While IV oxycodone is known to be equipotent to morphine, it is reported that the potency ratio of fentanyl to morphine is 1:80–100 [
10]. In addition, Herrick et al. [
18] compared IV PCA (fentanyl) with IV PCA (morphine) in TKR patients and concluded that the fentanyl group needed more PCA bolus but reported the same VAS score in fentanyl to morphine ratio 1:100. Hwang et al. [
2] have suggested that the potency ratio of fentanyl to oxycodone is approximately 1:75 and that oxycodone might be more potent than morphine (4:3). Therefore, we administered fentanyl at 50 μg for fentanyl group and oxycodone at 4 mg for oxycodone group.
Analgesic effects were measured using NRS in the PACU. It appears that oxycodone has a longer analgesic effect than fentanyl, because the oxycodone group reported lower total fentanyl consumption and a lower proportion of patients who demanded additional opioids. Therefore, we conclude that oxycodone is more effective than fentanyl in the acute phase of post-operative pain control. In previous studies, fentanyl has been shown to provide almost immediate analgesic effects when administered intravenously, whereas oxycodone takes effect 10–15 min after administration [
7,
10]. Our study showed that the change in NRS between group F and group O was not different at 15 min.
Common side effects of oxycodone are constipation (around 25–30% of patients), nausea (25%), drowsiness (25%), dizziness (15%), vomiting (10–15%), and pruritus (10–15%) [
16]. In this study, the higher incidence of PONV may be due to bolus opioids that were complementary to PCA. In addition, the occurrence of nausea after surgery may be due to other factors such as the impact of the effects of inhaled anesthetics and surgical pain [
19]. Most nausea occurred within 24 h and showed a tendency to decrease over time in both groups. No patients reported dizziness or headache, while two people fell asleep but were easily aroused. However, there were no significant differences in side effects between two groups (P > 0.050).

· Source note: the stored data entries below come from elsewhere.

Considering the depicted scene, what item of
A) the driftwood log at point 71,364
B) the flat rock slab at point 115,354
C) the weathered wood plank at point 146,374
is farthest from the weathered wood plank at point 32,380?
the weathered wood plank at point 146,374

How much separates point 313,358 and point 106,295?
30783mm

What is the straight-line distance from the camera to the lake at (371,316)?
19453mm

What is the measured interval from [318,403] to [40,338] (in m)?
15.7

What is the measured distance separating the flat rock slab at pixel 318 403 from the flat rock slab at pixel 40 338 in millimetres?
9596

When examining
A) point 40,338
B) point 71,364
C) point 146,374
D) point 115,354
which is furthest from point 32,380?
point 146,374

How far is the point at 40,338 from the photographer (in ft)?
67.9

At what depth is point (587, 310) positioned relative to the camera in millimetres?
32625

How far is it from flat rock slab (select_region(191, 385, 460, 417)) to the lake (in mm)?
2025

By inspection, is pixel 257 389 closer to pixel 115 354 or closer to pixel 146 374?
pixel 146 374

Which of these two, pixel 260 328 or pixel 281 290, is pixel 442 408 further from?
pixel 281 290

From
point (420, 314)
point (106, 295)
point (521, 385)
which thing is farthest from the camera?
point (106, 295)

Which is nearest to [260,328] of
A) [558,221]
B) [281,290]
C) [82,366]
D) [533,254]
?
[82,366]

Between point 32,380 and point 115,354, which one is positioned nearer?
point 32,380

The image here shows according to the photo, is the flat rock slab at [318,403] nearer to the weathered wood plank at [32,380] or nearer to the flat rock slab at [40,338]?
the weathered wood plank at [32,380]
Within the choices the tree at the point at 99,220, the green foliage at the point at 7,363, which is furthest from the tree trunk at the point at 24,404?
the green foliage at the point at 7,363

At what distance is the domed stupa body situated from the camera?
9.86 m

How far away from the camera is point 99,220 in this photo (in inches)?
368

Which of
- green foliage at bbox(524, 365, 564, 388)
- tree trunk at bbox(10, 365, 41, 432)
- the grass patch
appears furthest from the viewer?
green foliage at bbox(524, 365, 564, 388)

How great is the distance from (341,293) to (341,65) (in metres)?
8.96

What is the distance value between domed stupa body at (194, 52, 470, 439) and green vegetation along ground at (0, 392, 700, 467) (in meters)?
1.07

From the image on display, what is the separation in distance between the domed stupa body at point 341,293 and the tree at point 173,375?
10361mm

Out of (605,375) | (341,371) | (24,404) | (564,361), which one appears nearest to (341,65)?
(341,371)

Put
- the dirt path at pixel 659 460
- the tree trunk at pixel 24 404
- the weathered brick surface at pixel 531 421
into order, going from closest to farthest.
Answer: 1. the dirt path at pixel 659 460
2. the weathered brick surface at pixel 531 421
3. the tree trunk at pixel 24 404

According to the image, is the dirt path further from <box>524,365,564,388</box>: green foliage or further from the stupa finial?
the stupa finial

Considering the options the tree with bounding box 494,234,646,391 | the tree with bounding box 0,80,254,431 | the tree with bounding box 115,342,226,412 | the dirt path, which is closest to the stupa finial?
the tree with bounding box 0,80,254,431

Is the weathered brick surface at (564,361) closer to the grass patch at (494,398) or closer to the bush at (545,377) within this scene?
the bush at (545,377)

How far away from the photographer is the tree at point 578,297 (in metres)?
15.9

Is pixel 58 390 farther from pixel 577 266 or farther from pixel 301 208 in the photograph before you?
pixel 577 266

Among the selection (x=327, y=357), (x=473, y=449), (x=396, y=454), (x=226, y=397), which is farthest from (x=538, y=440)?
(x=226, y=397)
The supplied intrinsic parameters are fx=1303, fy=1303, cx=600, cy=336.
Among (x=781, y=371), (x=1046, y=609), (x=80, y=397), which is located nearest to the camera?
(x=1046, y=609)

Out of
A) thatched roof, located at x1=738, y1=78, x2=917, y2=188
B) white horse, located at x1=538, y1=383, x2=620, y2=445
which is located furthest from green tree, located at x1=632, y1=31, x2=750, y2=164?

There are several limitations in this study. The number of patients in the oxycodone group is lower than that in the fentanyl group. Furthermore, there is more missing data in group O than in group F. More balanced grouping will be important in future studies. As mentioned previously, we administered 4 mg of oxycodone. However, Park et al. [
14] suggested that a potency ratio of fentanyl to oxycodone of 1:60 is sufficient for an analgesic effect, while minimizing side effects. We should consider the overestimation of potency ratios because our patients used IV PCA in combination with fentanyl. Therefore, additional studies using various potency ratios will be needed. Although there is no need to reduce dose with age [
16], we report that most patients were elderly and female. There is a need to conduct research with a broader patient population.
In conclusion, oxycodone shows better analgesic effects than fentanyl for acute somatic pain during the post-operative period. Side effects are not significantly greater than fentanyl. Thus, oxycodone is a reasonable choice as an alternative to fentanyl.